Matthew Fosh

Personal information
- Full name: Matthew Kailey Fosh
- Born: 26 September 1957 (age 68) Epping, Essex, England
- Batting: Left-handed
- Bowling: Right-arm medium
- Relations: Max Fosh (son)

Domestic team information
- 1976–1978: Essex

Career statistics
| Competition | First-class | List A |
| Matches | 30 | 16 |
| Runs scored | 1,069 | 307 |
| Batting average | 23.23 | 21.92 |
| 100s/50s | 1/6 | 0/0 |
| Top score | 109 | 45 |
| Catches/stumpings | 9/– | 2/– |
- Source: Cricinfo, 6 October 2024

= Matthew Fosh =

English cricketer and rugby union player (born 1957)

Matthew Kailey Fosh (born 26 September 1957) is an English former first-class cricketer who played 30 games for Cambridge University, Combined Universities and Essex between 1976 and 1978. A left-handed batsman tipped for high honours in his youth, Fosh decided against taking up a career in the county game. Following his career in cricket, Fosh became a financier in the City of London. He is also the father of the YouTuber and comedian Max Fosh.

==Early life and education==
Matthew Kailey Fosh was born on 26 September 1957, the son of Arthur Fosh, of Egg Hall, Epping, Essex, an Old Harrovian who also studied at Pembroke College, Cambridge and was owner of lithographic printing company Fosh & Cross, on Mansell Street, on the edge of the City of London. Fosh was educated at Harrow School, where he played in a band called Toyd, two members of which later found success in the 1980s as Red Box. Fosh is a trustee of the Harrow Development Trust, dedicated to improving the school including through financial donations.

He then went up to Magdalene College, Cambridge, where he took a BA in 1979.

==Cricket and rugby==
Fosh played cricket at school, including as captain; in 2017, he still held "the highest score since the First World War... 161 not out" in the Eton v Harrow match, which was first played in 1805. His son, Max, also played cricket for Harrow.

He got a double blue at Cambridge for cricket and rugby union. Fosh scored 1069 runs at 23.33 with one century, 109 for Cambridge against Derbyshire, and six fifties. In 14 list A one-day matches he scored 307 runs at 21.92 with a best of 45. He toured the West Indies with the England Young Cricketers in 1976 and played in one 'test match' in Trinidad alongside Mike Gatting and David Gower, scoring 41 in the first innings of a game won by England by 22 runs.

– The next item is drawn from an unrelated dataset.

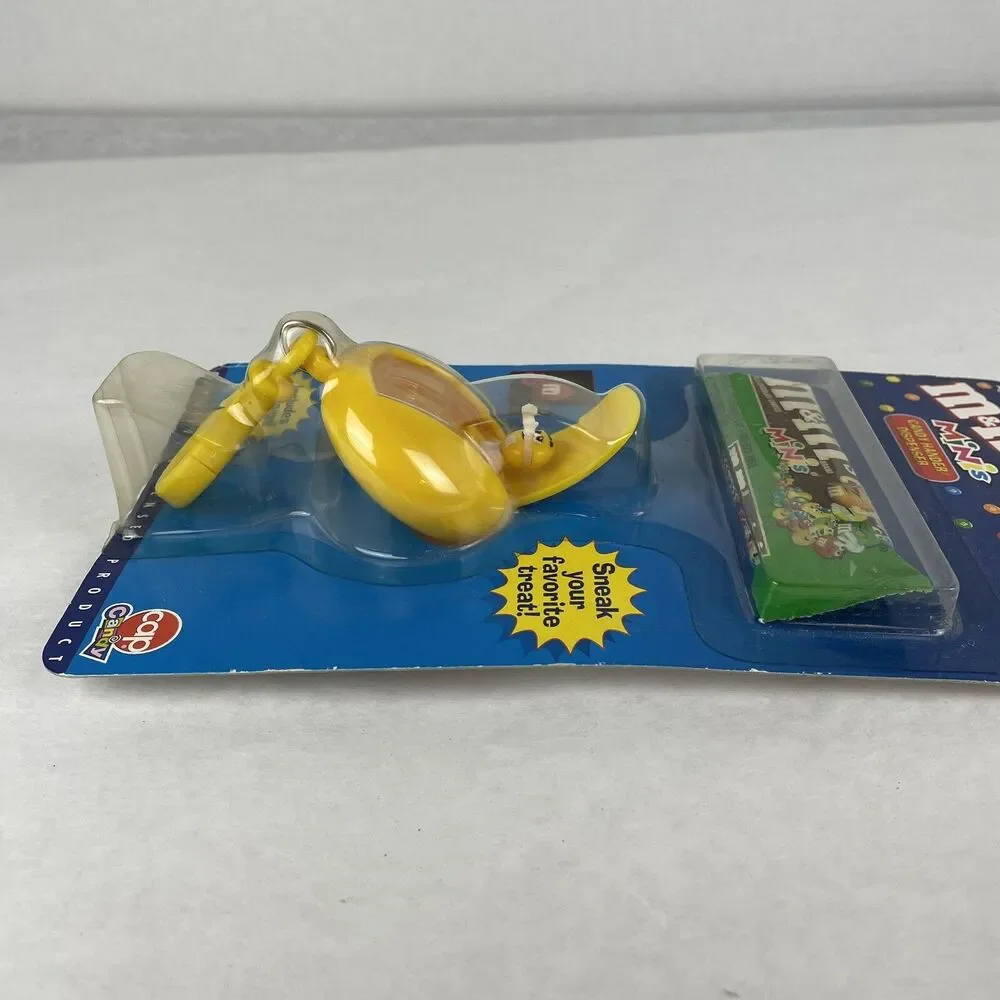 M&M's Minis Candy Hander Dispenser Clip-On Cap Candy Vintage 2002 Yellow New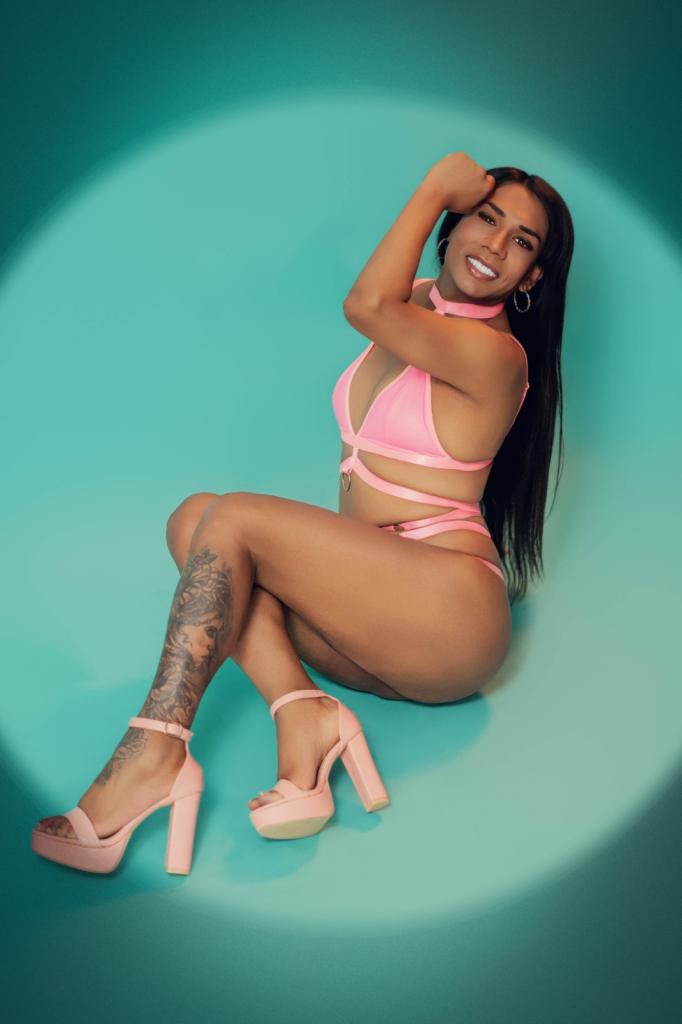 Transexual en Zaragoza: Transexuales y Travestis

He represented Cambridge at rugby union in the 1978 and 1979 Varsity Matches.

==Business career==
After Cambridge, Fosh travelled for 18 months, then went to work in London in financial public relations and private client fund management for stockbrokers Strauss Turnbull and Carr Sheppards. He founded futures and options broker SGF with a school friend, selling it in 2000 for a seven-figure sum; he left in 2002 and went to work at Lloyd's insurer SVB Holdings, where he became chief executive. He was chief executive officer at Novae Group from 2002 to 2017. In 2020, he joined Optio Group as an executive chairman.

==Personal life==
Fosh was married to Dutch advertising and financial public relations executive Helena, daughter of diplomat Joost van der Kun and his wife Adrienne, daughter of Jonkheer Thomas Theodore Flugi van Aspermont, vice-consul at Marseille. The couple have two children: daughter Talitha "Tally", and son Maximilian, a YouTuber and independent candidate in the 2021 London mayoral election. Helena Fosh subsequently married Sir John Auld Mactaggart, 4th Baronet.